__PROBLEM__: Would you copy the listing below exactly, keeping the pictures out?

(DATASET EXTRACT Opens)

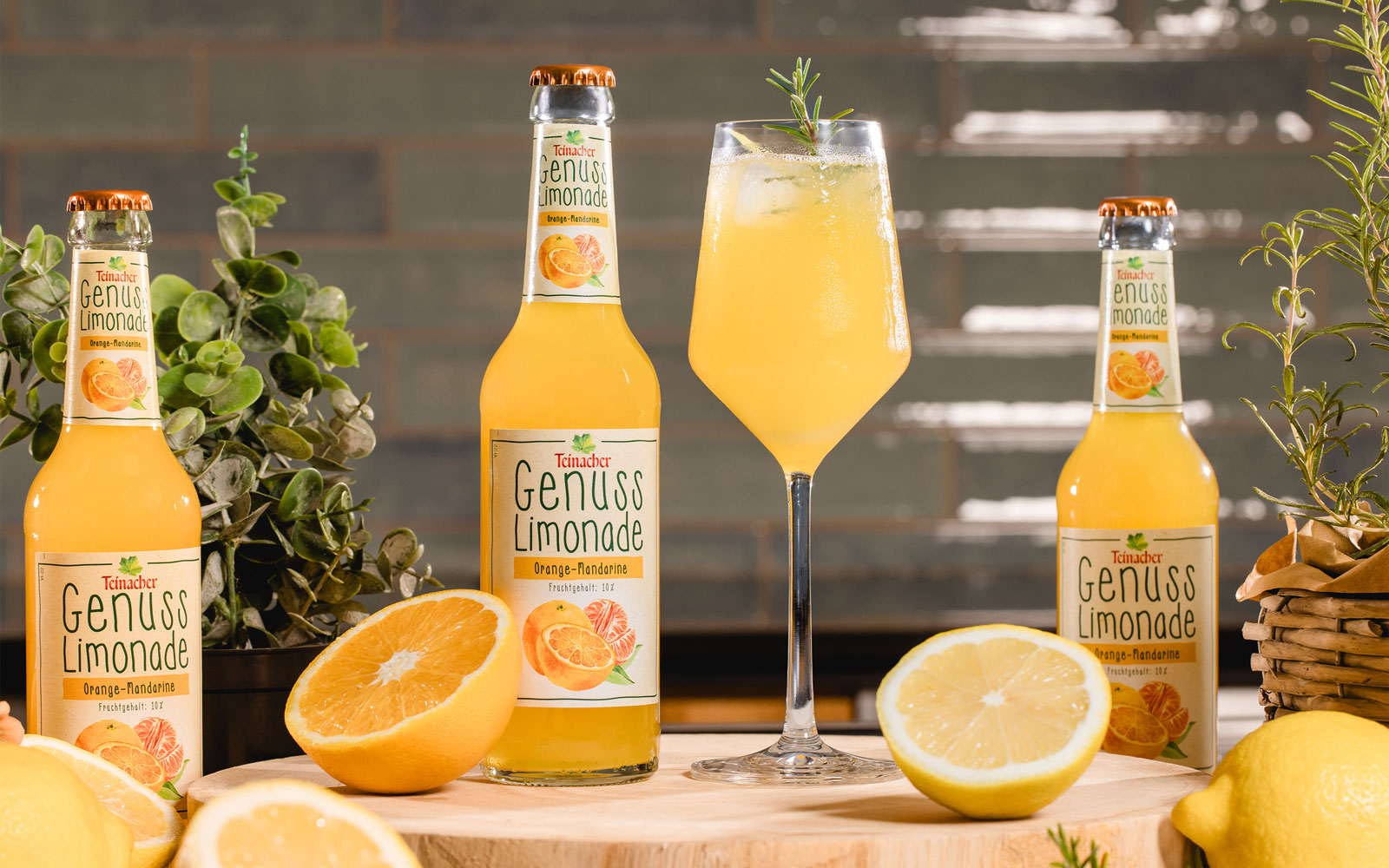 Zwei Flaschen Teinacher Genuss-Limonade Orange-Mandarine neben einem Glas mit Eis und Rosmarin, umgeben von Orangen- und Zitronenhälften.
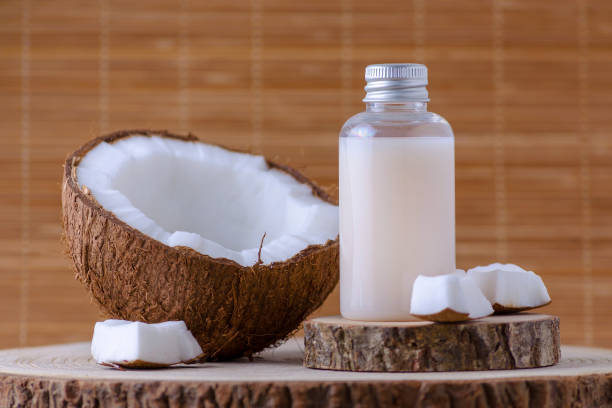 istock cosmetic bottle and fresh organic coconut , natural background 1079054082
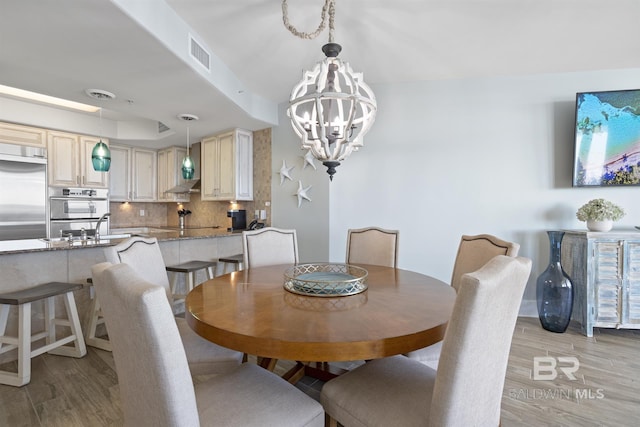 28107 Perdido Beach Blvd Unit D512, Orange Beach, AL 36561 - dining space with light wood finished floors and a chandelier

(DATASET EXTRACT Closes)

__ANSWER TO THE EXERCISE__:
 Zwei Flaschen Teinacher Genuss-Limonade Orange-Mandarine neben einem Glas mit Eis und Rosmarin, umgeben von Orangen- und Zitronenhälften.
 istock cosmetic bottle and fresh organic coconut , natural background 1079054082
 28107 Perdido Beach Blvd Unit D512, Orange Beach, AL 36561 - dining space with light wood finished floors and a chandelier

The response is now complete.